How to choose the right food

Because you eat less than normal on a fast day, it's important that you choose foods that will keep you satisfied longer.

Aim for fare that's high in protein, rich in fiber and has a low glycemic index, since high-GI foods (like bread, potatoes and rice) are likely to make your blood sugar spike, then crash. The Fast Diet doesn't recommend boycotting carbs entirely or living permanently on a high-protein diet. But the combination of proteins and low-GI foods on a fast day are helpful weapons in keeping hunger at bay.

On your fast days, go for healthy options that are low in saturated fat, like steamed white fish, skinless chicken, low-fat dairy, shrimp, tuna, tofu and other plant-based proteins. Nuts, seeds and legumes (beans, peas and lentils) have lots of fiber to fill you up (nuts may be high-calorie, but they're generally low-GI and satiating). Eggs, meanwhile, are low in saturated fat and full of nutritional value. They won't adversely affect your cholesterol levels, and they score a mere 90 calories each, so an egg-based breakfast on a fast day makes perfect sense; poach or boil them to save on calories. Two eggs plus a 1¾-ounce serving of smoked salmon clocks in at a sensible 250 calories.

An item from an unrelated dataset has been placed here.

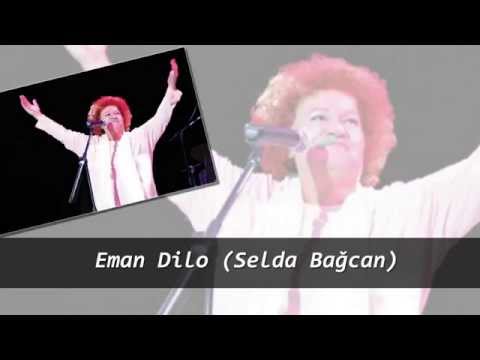 Eman Dilo (Selda Bağcan)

When to fast, when to feast

Monday is an obvious choice for a fast day, particularly if it follows a social weekend. For that reason you might avoid Saturdays and Sundays, when family lunches and brunches, dinner dates and parties make calorie-cutting a chore. Thursday would then make a sensible second fasting day. But be flexible; don't force yourself to fast when it feels wrong. If you're stressed or tired on a day that you have designated a fast, try again another day. But do aim to establish a pattern. That way your fasts will become familiar. Be kind to yourself, but be tough, too.

Reshaping your body—and appetite

The first thing you can expect is to lose weight, thanks to the simple law of thermodynamics (weight loss occurs when energy in is less than energy out). If you cut to 500 calories two days a week and don't compensate by eating more on other days, you should lose 1 to 2 pounds a week. This won't be all fat: Some of it will be water and some digested food in your body. You can expect, however, to lose around 10 pounds of fat over a 10-week period.

You should find that over the weeks your BMI, body fat and waist measurement will drop. Your cholesterol count and blood glucose levels will also improve. The changes will start to show up in the mirror as your body becomes leaner and lighter.

Hopefully your food preferences will adapt, so that even on non-fast days you will begin to choose healthy foods by default. You will also learn to recognize the sensation of being pleasantly full—satiated, not stuffed. The upshot? No more food hangovers, improved digestion, more bounce.

If you continue to fast and feast with awareness, all kinds of other changes should occur. You may discover that you've been suffering from portion distortion. Muffins will start to look vast. You might go from a Venti to a Grande to wanting only half a cup, no sugar, no cream. If you are like me, then one day soon, you'll arrive at a place where you say no to the cheesecake because you don't want it, not because you are denying yourself. This is the baseline power of intermittent fasting: It encourages you to recheck your diet. And that's your long-haul ticket to health.